The top three designs in the competition won prizes totalling €30,000 with the winning design going to Burke Culligan Deegan. The presentation to Burke Culligan Deegan was made by Ms Terri Morrissey, Chairperson of Aoibhneas, and Mr Paul Keogh, President of the RIAI. Mr Declan Collier, CEO of the Dublin Airport Authority, praised the initiative in providing a specifically designed centre for children within the refuge and for promoting the innovative project.
The unique children’s centre will be built on the Aoibhneas site and a major campaign to build the €1m centre was also launched today. Terri Morrissey said: “Aoibhneas wants to pave the way in changing how the refuge works with children in Ireland, to become a place that truly supports children through the traumas of domestic violence, by creating a specialist children’s centre where children can reclaim their childhood, can trust again and feel safe.
“Paul Keogh said: “I commend Aoibhneas for their choice of an architectural competition to find the best solution to the brief for this specialist children’s centre. The RIAI was very happy to work with Aoibhneas, manage and coordinate the competition process, which demonstrates the talent, innovation and creativity of architects, both national and international.
Declan Collier said: “The DAA was delighted to have been able to offer technical expertise to Aoibhneas in relation to the architectural competition to design a new centre for children. The creation of a refuge for children is a hugely laudable goal and the company is proud to support this project on the doorstep of Dublin Airport.”
The three shortlisted entrants were:
- Burke Culligan Deegan Architects
- Clancy Moore Architects
- Ignacio Vidal / Victor Pujol Architects in association with Cullen Payne Architects
Burke Culligan Deegan Architects’ entry was selected as the winner by the jury, as it most answered the brief with regard to private/semi-private and public spaces and age appropriate areas for children. The concept behind this design solution was “˜the creation of “rooms” both internal and external; places to be alone, be together and to grow.’
Those working in refuges speak of children adopting adult responsibilities at very young ages, effectively becoming protectors of their mothers and siblings. These children need help themselves in order to be able to reclaim their childhood, to develop strong and positive relationships with their mothers as well as with others in the outside world.
The Childcare Leader in Aoibhneas made the following comments: “before coming to the refuge mothers experiencing domestic violence are often totally taken up with their own survival, They often cannot see the enormous effects such situations are having on the their children.
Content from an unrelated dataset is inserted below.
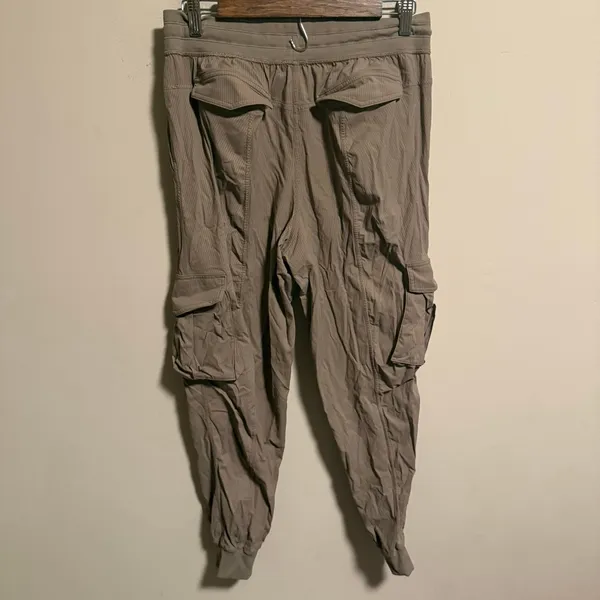 Lululemon Dance Studio Relaxed Fit Mid Rise Cargo Jogger Taupetastic Size Medium - Image 5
With support and space in a refuge such families can open up to each other in safety and can develop strong bonds that will stay with them as they move on with their lives’
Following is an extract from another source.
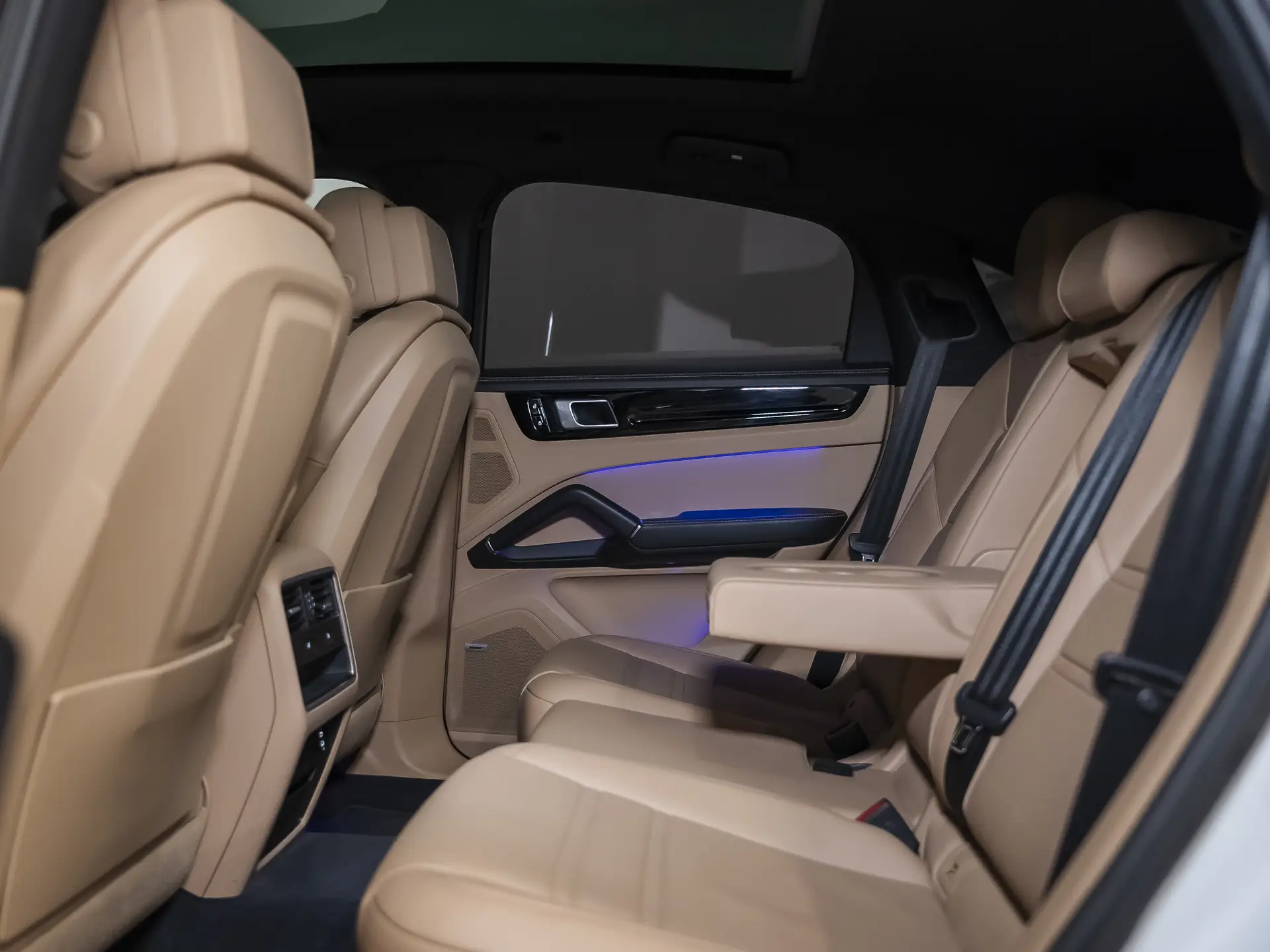 Porsche Cayenne, III, 2019 купить в салоне Million Miles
“A family arrived in the refuge recently- a mother, a teenage daughter and three younger siblings. The daughter was suicidal. She was worn out trying to protect her mother and her younger brothers from her father’s violence and could take no more. There were so few services available for her. It really affected all the staff to see her situation.”
A client of Aoibhneas who has lived in the refuge said: “when we came to the refuge first my children were withdrawn, afraid to say anything and uneasy sharing with other children. Now they feel safe, they are calm and can relate well to children in school. We laugh together. However we feel guilty using up the current playroom space to spend time on our own as a family with our childcare worker because we know that during that time other children, mothers and childcare staff have nowhere else to go because of lack of space in the current facility.”